The vision is indeed exciting: developing a set of unimpeachable components, each with precise specifications, covering one after the other the major areas of computing. They need to be made available in the major languages, from C and C++ to Java; the original versions should be built in Eiffel since it has all the necessary supporting mechanisms (preconditions, postconditions, invariants, a complete inheritance mechanism etc.), making it possible to do a thorough job of specification and validation, and then to translate into other frameworks as needed.

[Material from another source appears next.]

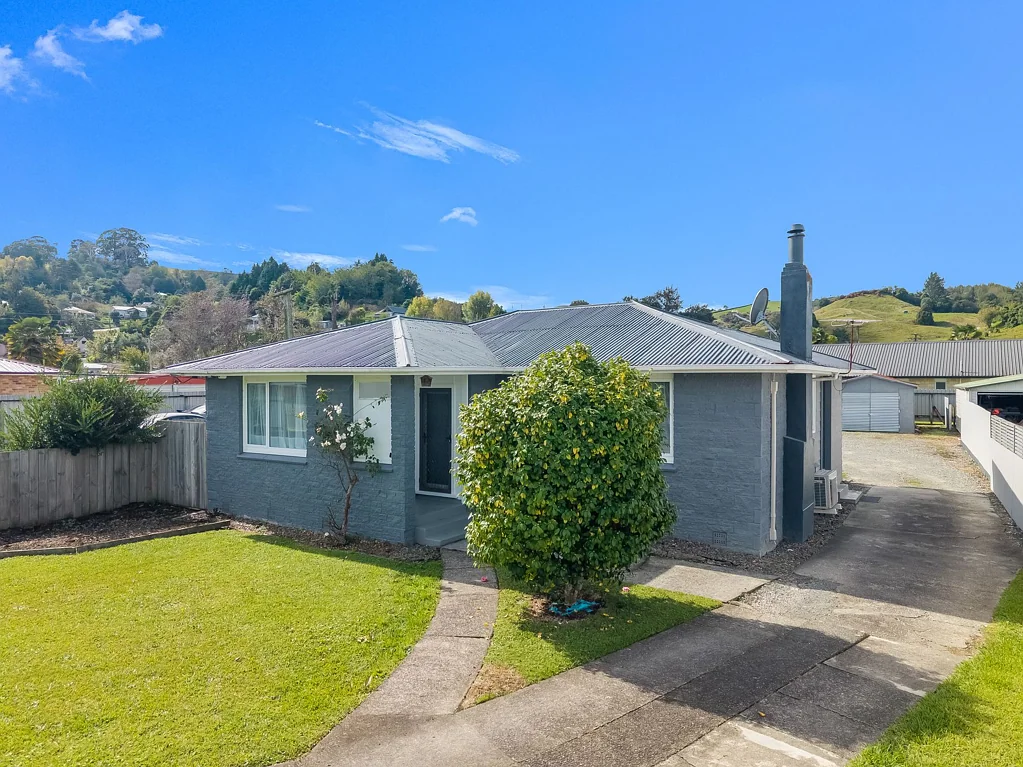 Te Kuiti 3બેડરૂમ Opportunity Is Knocking – Will You Answer?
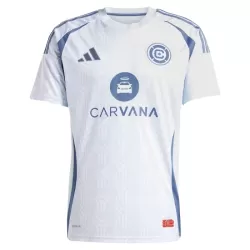 Camiseta Chicago Fire Hombre Segunda 25/26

Is this move to a set of formally specified fundamental components desirable? Yes. It is the best thing that could happen to the industry today; I know of no other idea that could do even remotely as much to address software's most crying deficiencies, and to improve just about everything -- productivity, reliability, ease of adaptation -- by a quantum leap.

Will it happen? I don't know. We, the actors in this game -- software developers, software managers, software users -- are the ones who will decide, through our actions more than through our words, whether we really want to carry out the next breakthrough in software.